見た目通り、ゼリー状の体はひんやりしていて、思ったよりしっかりした感触があった。


ぐっ、息ができない。

声も出せぬ。


ショウゾウは必死でそれを引きはがそうとするが、ぶよぶよしたその身体は掴むことは出てもすぐに形を変えてショウゾウの両手の指から逃れていってしまう。


鼻の穴や口から侵入しようとしてきて、ショウゾウは完全にパニックに陥ってしまっていた。


くそっ、なんだこいつは。

これが魔物というやつなのか。

こんなつまらぬところで、儂は死ぬのか?


いやだ。

ようやく少し光明が見えてきたところであったのに!


死にたくない。


ショウゾウは藻掻き、両足をばたつかせながら、必死で≪オールドマン≫を発動させてみた。


人間以外に効くのかは試したことはない。だが、儂がすがれるのはもうこのスキルしかないんじゃ。
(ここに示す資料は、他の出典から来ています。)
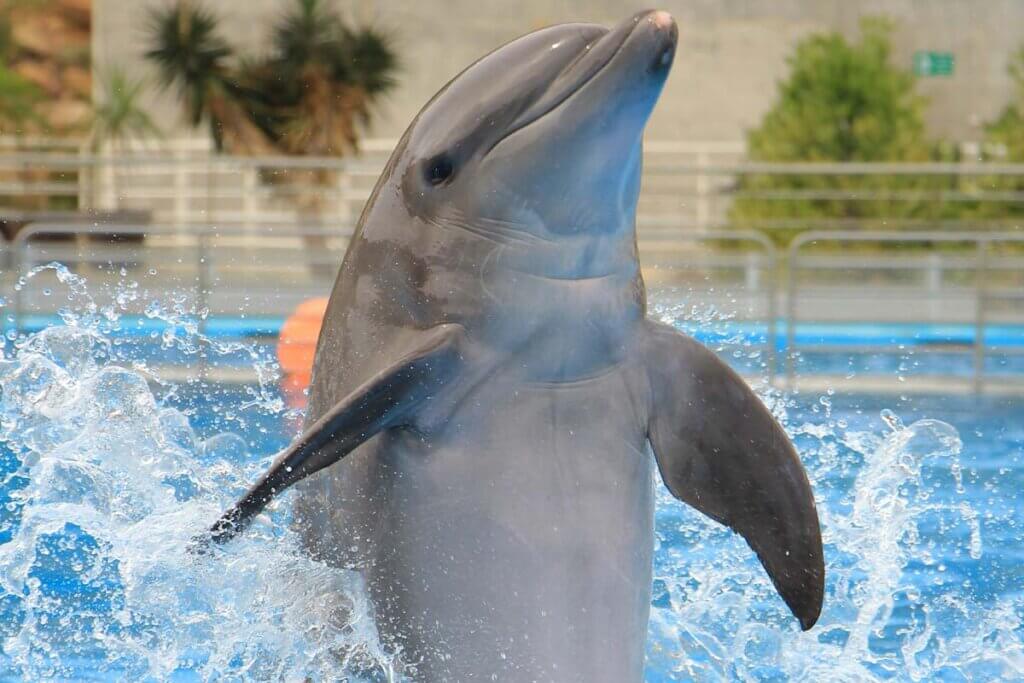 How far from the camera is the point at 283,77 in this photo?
24328mm

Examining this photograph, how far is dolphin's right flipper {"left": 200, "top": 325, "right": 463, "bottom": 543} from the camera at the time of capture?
2.59m

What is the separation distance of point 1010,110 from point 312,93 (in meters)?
10.6

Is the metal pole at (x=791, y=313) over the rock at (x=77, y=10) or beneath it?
beneath

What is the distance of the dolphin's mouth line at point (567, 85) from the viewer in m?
2.58

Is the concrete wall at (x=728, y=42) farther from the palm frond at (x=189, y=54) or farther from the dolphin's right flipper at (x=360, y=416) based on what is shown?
the dolphin's right flipper at (x=360, y=416)

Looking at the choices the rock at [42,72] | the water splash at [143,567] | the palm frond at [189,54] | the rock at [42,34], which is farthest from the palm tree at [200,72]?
the water splash at [143,567]

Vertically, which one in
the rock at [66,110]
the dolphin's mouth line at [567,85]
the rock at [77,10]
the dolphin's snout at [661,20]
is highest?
the rock at [77,10]

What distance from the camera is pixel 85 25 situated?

その願いが通じたのか、ショウゾウの全身からあの不気味な光がほとばしり、半透明の動くものを包み込んでいく。


「ショウゾウさん!」


異変に気が付いてくれたのか、エヴィという少女がすぐそばまで来ていた。


だが、エヴィが駆け寄るより早く、ショウゾウの顔に張り付いていた物体は突如、張りのようなものを無くし、ただの粘液のようになって溶けてしまった。


「ゔぉ、おぼろぉ、おえぇえええ」


起き上がり、突然臭くなった粘液を吐き気に身を任せ、全力で吐き出していく。

鼻を手でかみ、何度も嗚咽した。



エヴィに背中をさすってもらい、ようやく落ち着いたショウゾウは、悪臭漂う液体の中にこぶし大の丸い物が落ちていることに気が付いた。


拾って、詳しく観察していると、隣のエヴィがまだ幼さの残るまなこを見開いて、驚いたような声を上げた。